YES…I’m loving my baby moon. I’m getting the “normal” amount of sleep that you get with a newborn. I’m enjoying the slower pace. I’m learning how to manage outings with two. I’m doing laundry, although not really keeping up with it, and I’m cooking dinners again. Physically I feel better. There is still some sensitivity around my incision area, but it’s definitely healing. My belly still looks like I’m 5 months pregnant, but that’s just part of the deal. I will say that I can’t wait for the day when I can wear pants with a zipper, and when I can get back to yoga and Zumba!
I had this big idea that it was time to start work again. Since I work from home and for myself I set my own schedule and pace. I love that I have the flexibility and freedom to do this. Being a work-from-home, stay-at-home mom has been a dream of mine since I started having children. (Here’s just a piece of my creative journey that helped get me to this place.) I was starting to get the hang of it with one child, but now that I have another one I’m finding that just taking a shower – one where I can shave my legs AND dry my hair – is a great accomplishment for the week!
So needless to say my attempts at making Art Every Day have, um…been challenging. I’ve felted a little, I’ve written some, and I’ve played with legos and play dough. I even had my sister come over to watch Kestan so that I could enjoy some time in my art room. And although Kestan had a great time playing with Aunt Lindsay, I became frustrated because I set expectations that were not getting met. I wanted to paint and instead I spent most of the three hours nursing, cleaning and trying to just get myself ready for the day. And that’s when the feeling of being overwhelmed kicked in.
Caring for all the needs of two children, cleaning, cooking, running a business, visiting with friends, quality time with my husband, keeping up with finances, planning for the future and on and on and on. Trying to “do it all” is for the birds. I mean, who am I kidding anyway?
Frustrated? Overwhelmed? Stressed? Is this how I want to spend my days?
And that’s when I reminded myself, “YOU HAVE A NEWBORN, SHAN!” Chill out. Relax. Get more sleep. Let gooooo… Enjoy yourself and your time with your babes – they are growing up so fast!
So the next day I didn’t set any expectations or have any plans in mind. I ended up spontaneously creating some new meals, felting some holiday crafts, playing with my boys and I even got a nap in. No expectations and no planning is where I need to stay right now.
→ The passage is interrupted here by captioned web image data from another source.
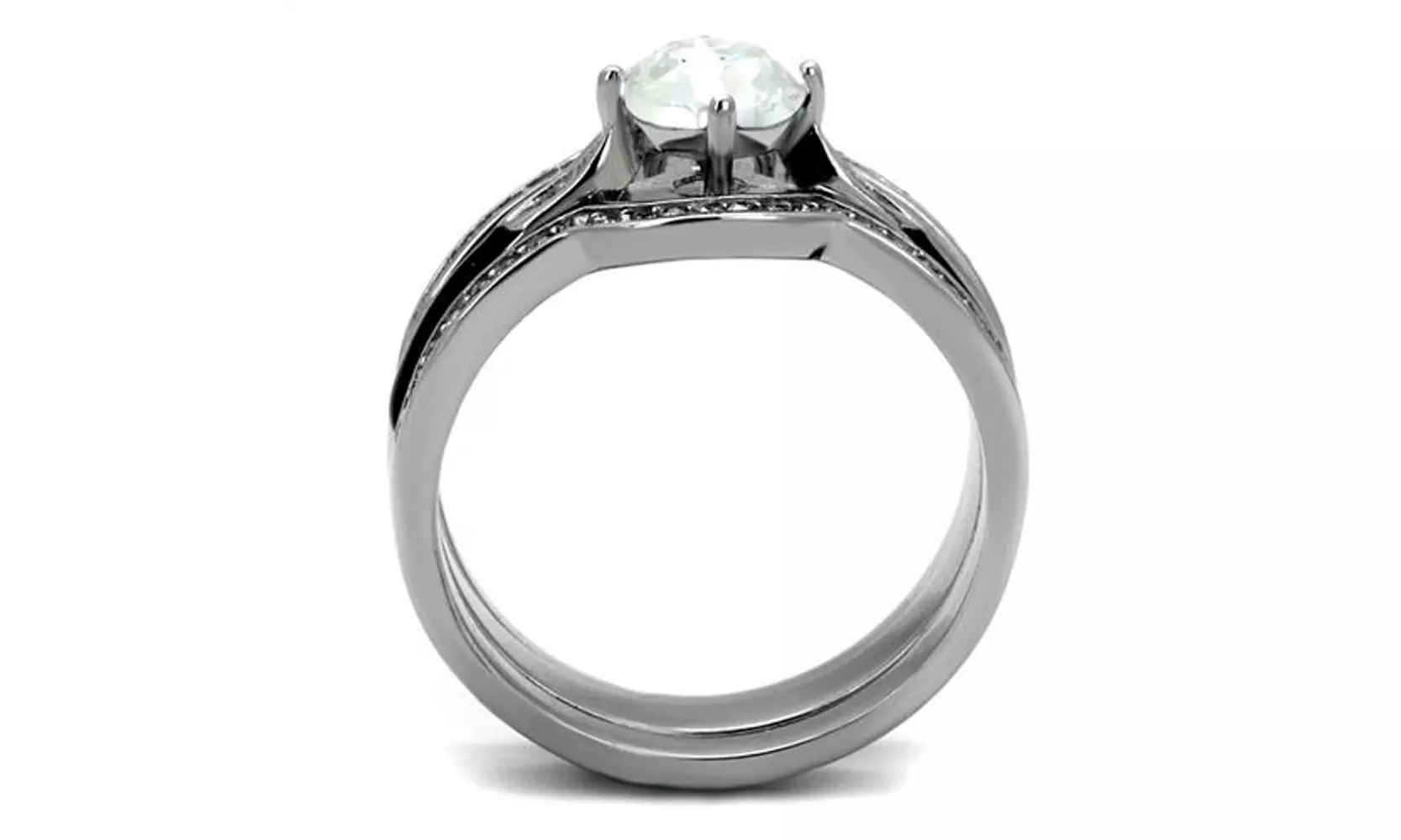 Womens 1.1ct Round Cut Cubic Zirconia and Stainless Steel Wedding Ring Set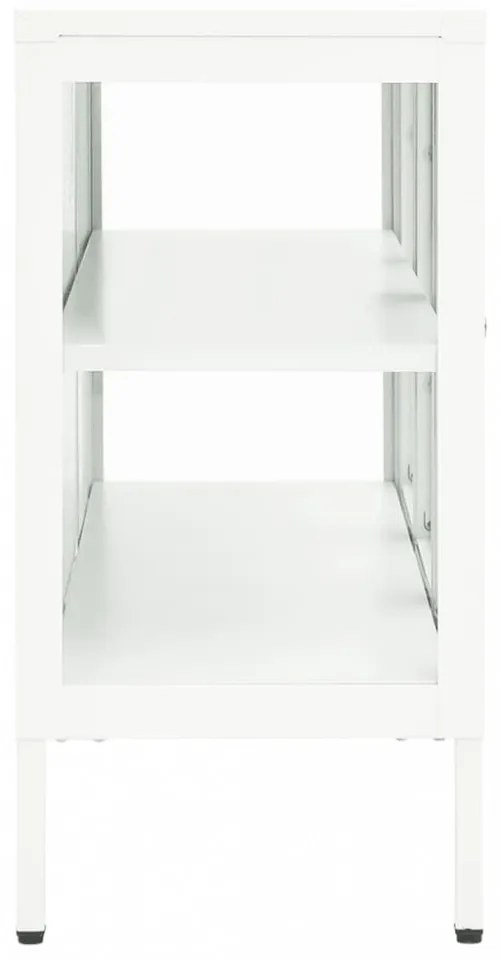 fehér acél és üveg tálalószekrény 105 x 35 x 70 cm
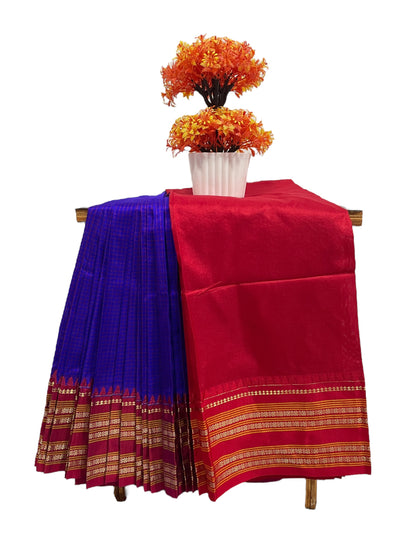 Narayanpet Checks Violet Pure Silk Sarees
I find I’m way less frustrated, overwhelemd, and stressed when I stop setting myself up with unrealistic expectations.
And instead of having these big ideas of jumping right back into work (after only a month), or painting, or opening up my Etsy shop again, I’ve decided to let each day be my guide. So today I returned to my knitting needles, not only because I find knitting to be relaxing and meditative, but because it’s the one thing I can do while nursing!
HEY WORKING MOMS – I want to hear from you! How do you balance the joy (and challenges) of motherhood with your creative and personal interests?
Your Personal Reflection: Do you ever set expectations or make plans only to see it end in disappointment and frustration? How can you continue to plan for the future but live in the present moment, with less expectations of how things “should” be? Try going through your day today with less worry and more unplanned experiences – and see how you feel.